Es verdad: le guardaremos cierta simpatía a la malvada señora Lynch. Su figura concede, bien pensado, una inesperada dimensión adicional a ciertas canciones. Kelley representa la medicina más amarga contra el amor, esa enfermedad irreversible (e incurable) que tan bien se glosa en There ain't no cure for love. En unos tiempos en los que, por grotesco que parezca, nuestros músicos riman "love" con "putón" en las listas de éxitos, bien está reivindicar el auténtico valor de la palabra. Ese bien supremo al que Leonard Cohen ha concedido toda su vida un papel quintaesencial.
Ah, el amor. Nuestro judío errante convierte los dos triángulos de la estrella de David en sendos corazones como símbolo que preside su gira presente. El poeta observa a su alrededor y formula un diagnóstico seguramente ineludible: "He visto el futuro, hermano, y es asesinato" (The future). Pero quedará siempre el bálsamo, o la tortura, de las Suzanne, Marianne, las chicas del chubasquero azul o las conquistas fugaces en un hotel neoyorquino. Incurran en el vértigo del amor, parece murmurarnos el maestro. Aunque duela. Incluso aunque salga caro.

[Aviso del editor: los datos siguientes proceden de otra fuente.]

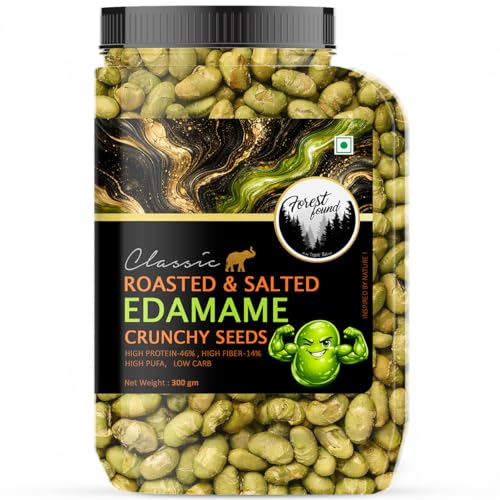 Image of Forest Found Roasted & Salted Edamame (300g) Beans | 46% High Protein & 14% Fiber | Oil-Free Vacuum Roasted Crunchy Seeds | Low Carb, Plant-Based Protein Healthy Snack | Young Green Soybeans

Quedaba la duda de cómo se defendería un hombre en edad de jubilación ante un espectáculo de esta envergadura. Cohen resiste airoso con su plegaria de ultratumba, en esa misma tesitura de barítono imposible a la que, con el azote de los años ("me duelen los lugares con los que solía jugar", rezonga en Tower of song), también se han abonado Dylan o Tom Waits. Cuenta con el respaldo de una banda antológica, en la que, sin ánimo de volvernos chovinistas a estas alturas, sólo cabe asombrarse con el barcelonés Xavi Mas, responsable último de que Who by fire huela a Mediterráneo y Dance me to the end of love parezca un sirtaki griego.